Counselors and psychologists talk to teens and preteens about social media. These mental health professionals want to find out how much teens know and don't know, and maybe even if they have advice for their moms and their dads.

A diligent parent may be logged into a teen's Instagram or Facebook account with them at all times. These social media accounts let parents know who their teens are with, who has sent them pictures, who they have sent pictures, and what is posted on their walls.

Usually parents accept a rule that they are not allowed to post on their children's walls or to comment on their posts and pictures.

Many American parents take the point of view that once you hide social media, or make it unavailable, children are challenged to find ways to access it behind their backs, so they opt for openness--at least for their children's social media accounts.

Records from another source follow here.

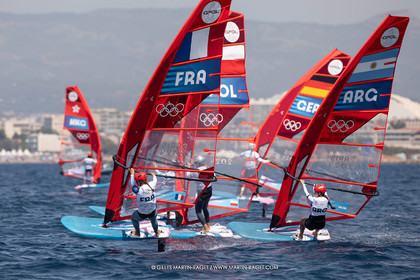 29 07 2024, Marseille (FRA), Paris 2024 Olympic Games, Sailing, Race Day 2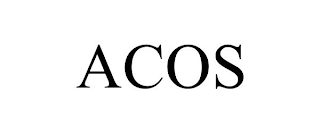 ACOS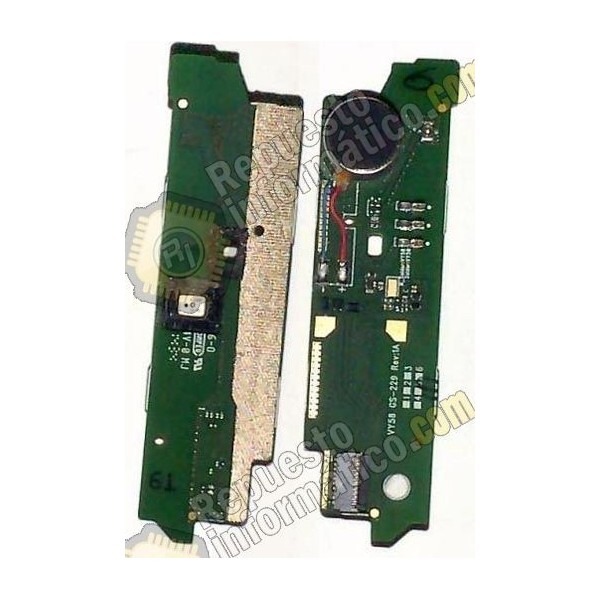 Modulo Placa Vibrador Con Micro Xperia M2 (AQUA) (d2403,d2406)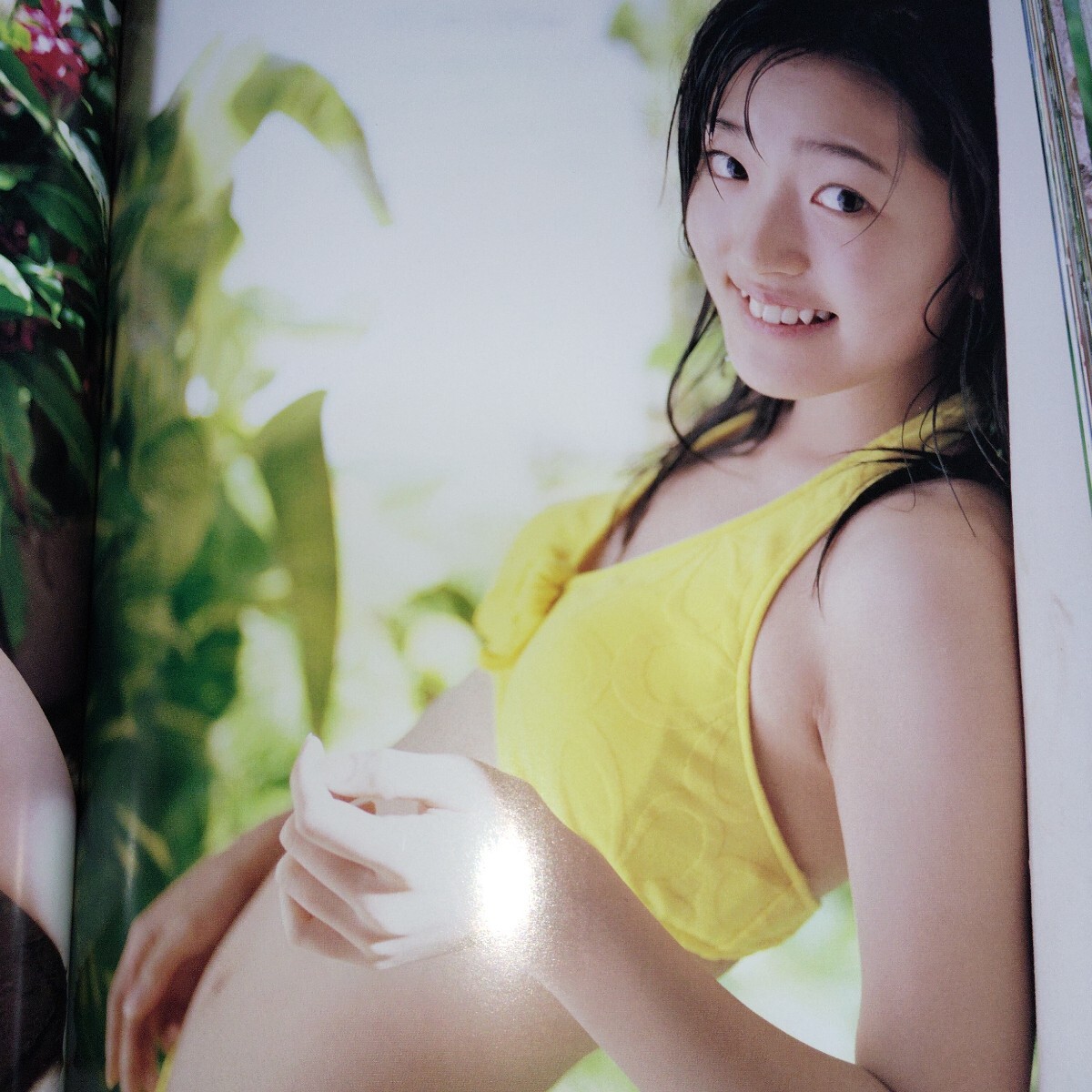 【DVD付き!13歳】鈴木愛(ài)理 寫真集 「CLEAR」 初版 帯付　p2555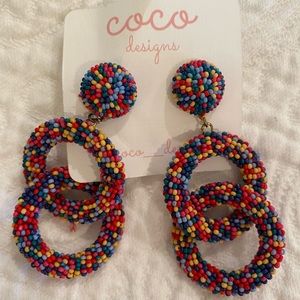 Coco Designs confetti earrings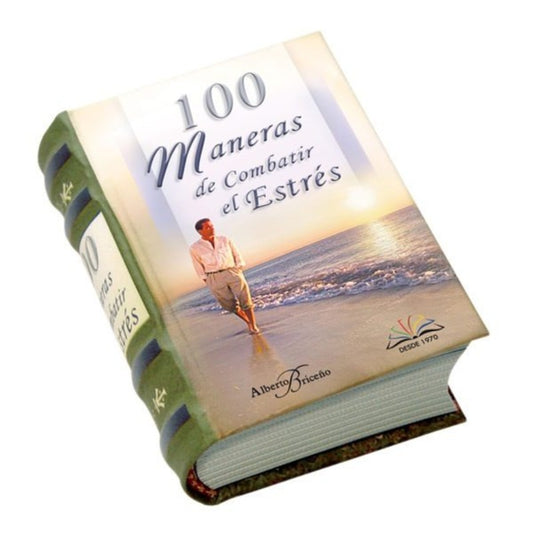 MINI LIBRO 100 MANERAS DE COMBATIR EL ESTRÉS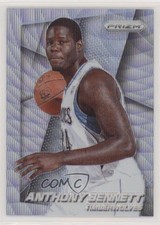 2014-15 Panini Prizm Blue Wave Prizm Anthony Bennett #97 1s8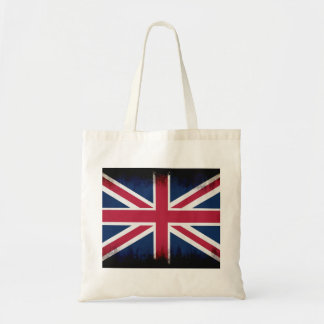 British Union Flag Union Jack Patriotic Design Tote Bag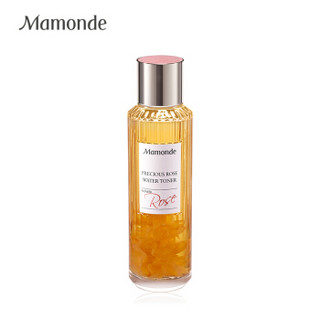 梦妆(Mamonde)蔷薇盈润澎弹精粹水150ml(爽肤水,补水保湿)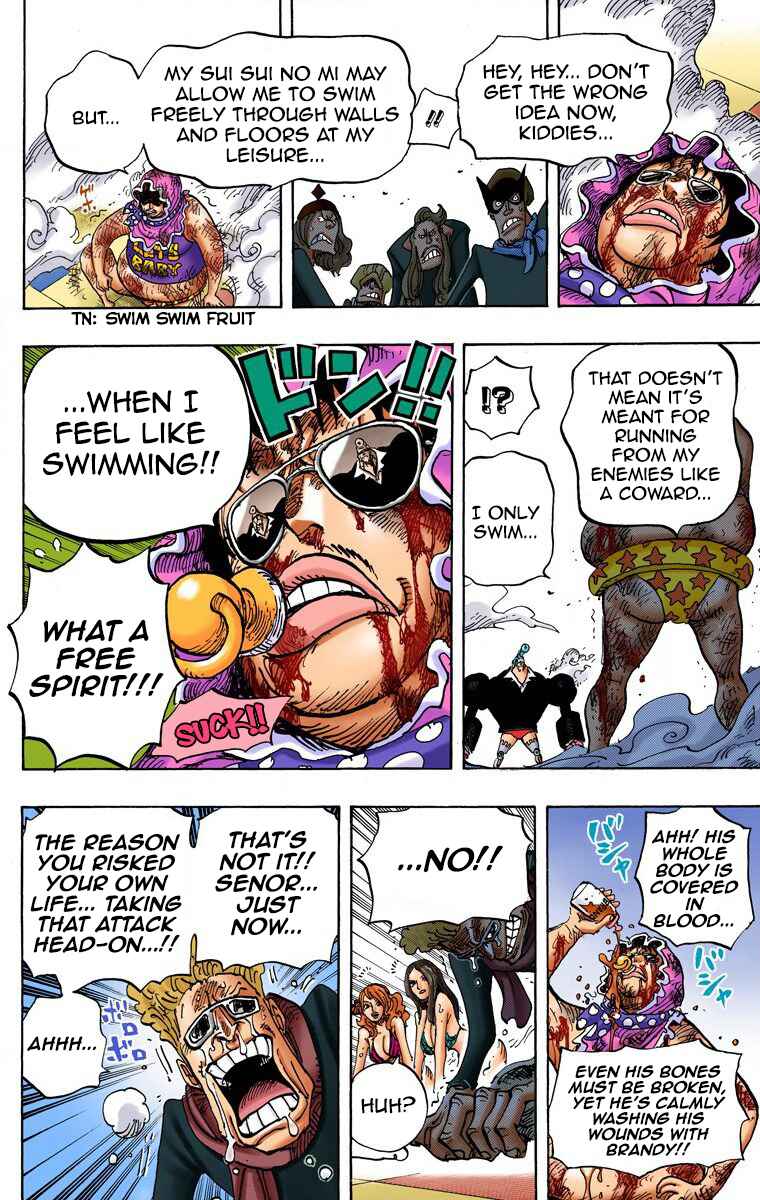Page 11 Chapter 735 One Piece (Official Colored)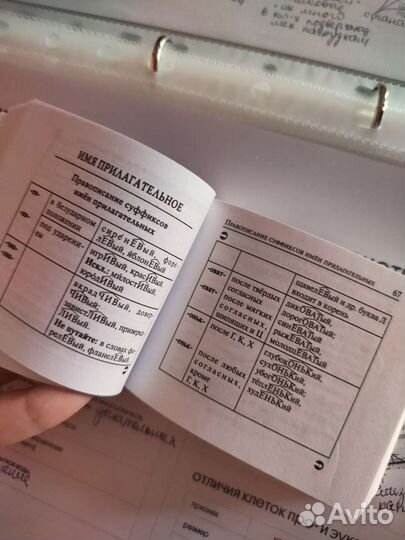 Карманный справочник егэ русский язык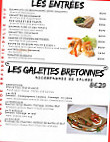 Salle Xiv menu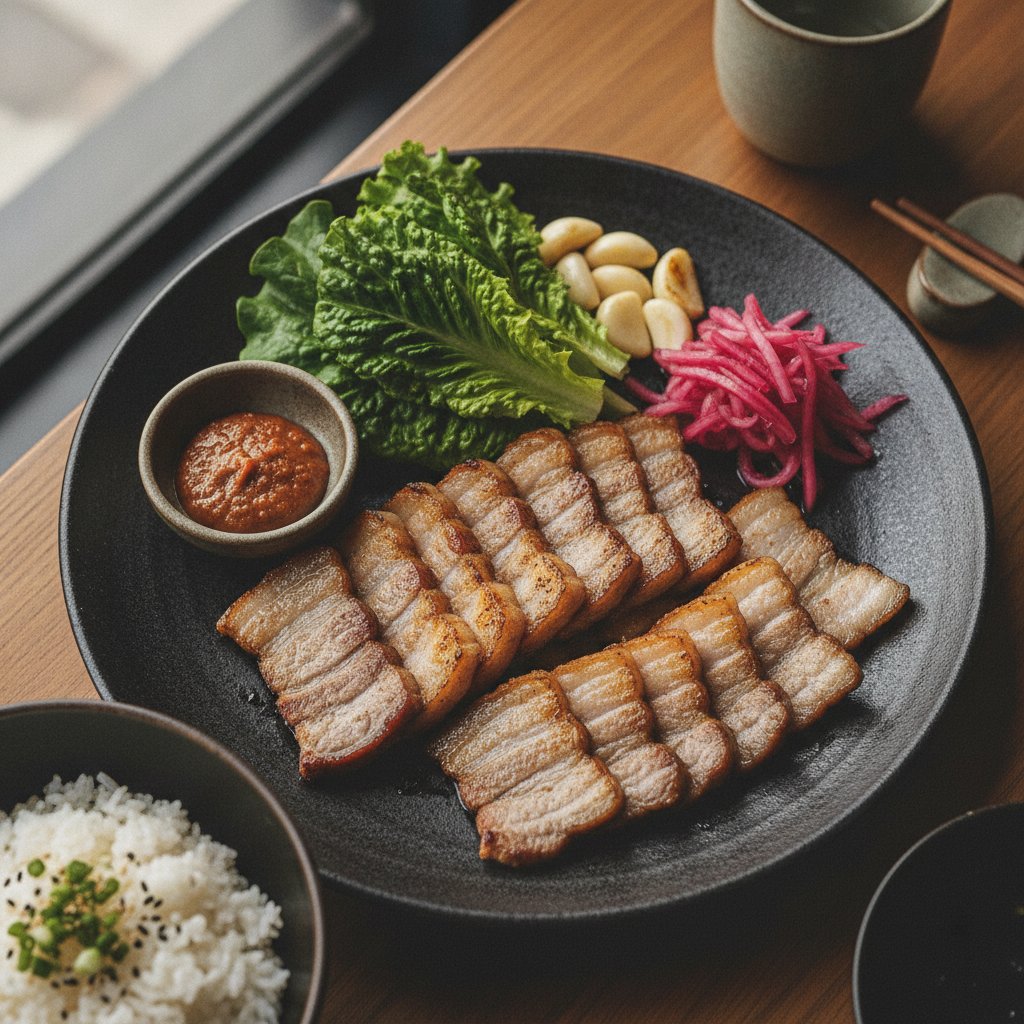 Grilled Pork Belly Slices (Dairy-Free)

The result is that teens and preteens learn to think "Is Mom online?" when they post to their social media accounts. Most adolescents would protest that there is not really anything going on on their Facebook, Instagram, and Twitter accounts, and when there is a problem, it's what some other kid has posted. So what usually goes wrong with teen and preteen use of social media accounts?

Social Media Focuses the Fear of Being Left Out

As one teen known to the writer of this article put it, "I guest you could say, like, you see, you get on Facebook and Snapchat and you discover that all your friends are hanging out somewhere and you're like, 'Oh, I'm home alone right now.' Then if there is no way you could get where they are you just feel lonely and sad and bad."

Teens and preteens typically don't characterize this experience as "anxiety," but they also usually would say "It sucks." 

An 11-year-old the author knows put it another way, "You find out you didn't get an invitation to a big party, and you feel really bad."

Freaking Out Over "Likes"

Another issue many teens and preteens have with social media is using social media as a metric for popularity. 

The more "likes" are recorded when the child changes a social profile, the more popular he or she believes herself to be.

Many young users of the Internet have very high expectations of their likeability measures on Facebook and Instagram. They may expect to be members of the "100 club," users who receive 100 likes on their profile changes (photo, relationship status, and location, for example), or they may even expect 200 or more of their "friends" to log on and "like" their online activity.

Counting "likes" becomes a competition. Children may say to each other, "Check this out, see how many likes I have on this post," when failing to take into consideration that many of the people clicking on a photo or a post have never met them, would not recognize them if they did, and have no interaction with them except online.